3 Replies Latest reply on Feb 24, 2012 4:33 PM by stroia

    Optimize performance of AMD opteron


      Hi all,


      I'm new of this forum. I have a lot of question for you . I have a full AMD system with 4 CPU AMD Opteron 6168 and I would like to achieve the best performance from it. Let's me start:

      1) I'm using GCC latest version and I would like to know the main differences with open64. I know only GCC and I have never used open64. Is this compatible also with the processors of the other vendors? Which is better between them?


      2) What are the best option the get the best performances with my system and GCC compiler?


      3) The ACML can be used with GCC. I would like to know if the library require a direct call of the functions from the library or if it used from the compiler to optimize automatically the performance.


      Thank you




      Message was edited by: Sharon Troia (reduced the length of the title, it was causing us not to be able to respond)

        • Re: Optimize performance of AMD opteron

          Hi erotavlas, I got these answers from one of our engineers working on the Open64 compiler just before he was getting on a plane.

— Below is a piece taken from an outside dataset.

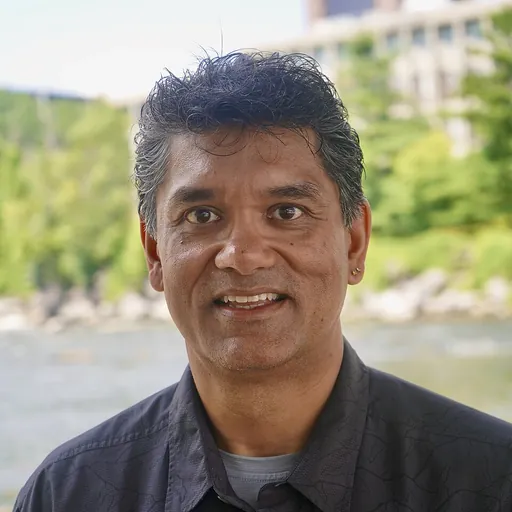 Portrait of Jit Bose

          Question #2. There are many compiler options you can try to
          improve performance on your Opteron 6168, but I'd suggest starting with the
          quick reference sheet: http://developer.amd.com/assets/CompilerOptQuickRef-61004100.pdf and
          setting the appropriate architecture (e.g. -march=barcelona) and then working
          with optimization levels (-O1, -O2, -O3, -Ofast) before trying some of the more
          complex options available.


          Question #1. As far as differences between Open64/GCC goes - gcc
          is your platform compiler and has gotten better with performance in later
          releases.  Open64 has a number of advanced optimizations and specifically
          targeted at higher performance, though also works to maintain compatibility
          with gcc.  I would suggest trying both with your application.  Open64
          general optimizations that should apply both to AMD and non-AMD platforms as
          well as architecture switches for some non-AMD platforms.  However, almost
          all AMD work has been in improving Open64 with latest AMD processors.


          Question #3. The ACML library has a specific set of library
          entry points.  You might already be using some of these routine names in
          your codes - in which case it is a case of linking with ACML library.
          However, if not, you'll be calling specific functions.

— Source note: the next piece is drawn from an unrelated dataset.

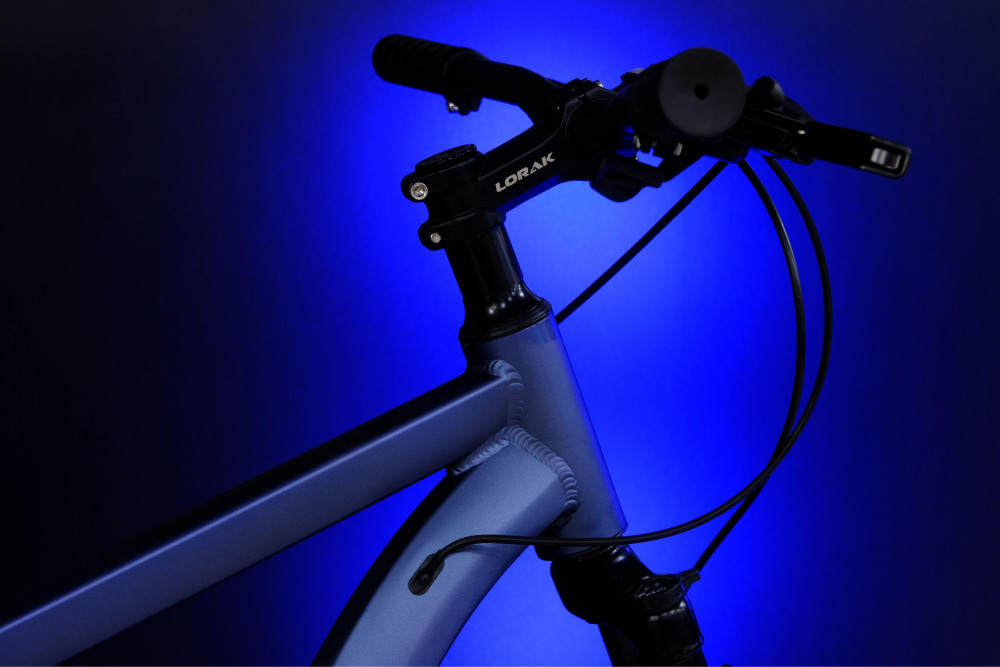 LORAK Fast Brown 29 Матовый Синий рама 21 (на рост 183-190)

          Hope that answers your questions.  If so, please push the button indicating that it has been answered.  Thanks!

          1 of 1 people found this helpful
            • Re: Optimize performance of AMD opteron

              Hi stroia,




              as you suggested I have tried this guide http://developer.amd.com/Assets/CompilerOptQuickRef-61004100.pdf. I'm compiling with GCC 4.6.2 under Linux. The parameters from the guide are the following:


              -O3 -march=barcelona -fschedule-insns -fschedule-insns2 -fsched-pressure -funroll-all-loops -fprefetch-loop-arrays --param prefetch-latency=300 -minline-all-stringops -fno-tree-pre -ftree-vectorize.


              It's known that the parameter -funroll-all-loops leads to less performance as specified here http://gcc.gnu.org/onlinedocs/gcc/Optimize-Options.html#Optimize-Options. The parameter -fprefetch-loop-arrays can or can't lead to better performance depending on the code. So my question is about the reliability of the parameters.


              I have found that these parameters are the best for my hardware and my code:


              -O3 -m64 -s -fsplit-stack -fwhole-program -flto -march=barcelona -fschedule-insns -fschedule-insns2 -fsched-pressure -ftree-loop-distribution -fpeel-loops -mmovbe -mcrc32 -mcx16 -msahf -mvzeroupper -msahf -mtls-dialect=gnu2 -minline-stringops-dynamically -mno-align-stringops -maccumulate-outgoing-args -funroll-loops -fprefetch-loop-arrays --param prefetch-latency=300




              Thank you

                • Re: Optimize performance of AMD opteron

                  The parameters in the quick reference guide are a suggested set of options to try.  In some cases, -funroll-all-loops causes improvements and in some degradations and hence the documentation on the gcc page that says “usually” makes programs run more slowly.  It is always best to try and test, which it lookes like you did.  Glad to see that you have found the options that work best for your program.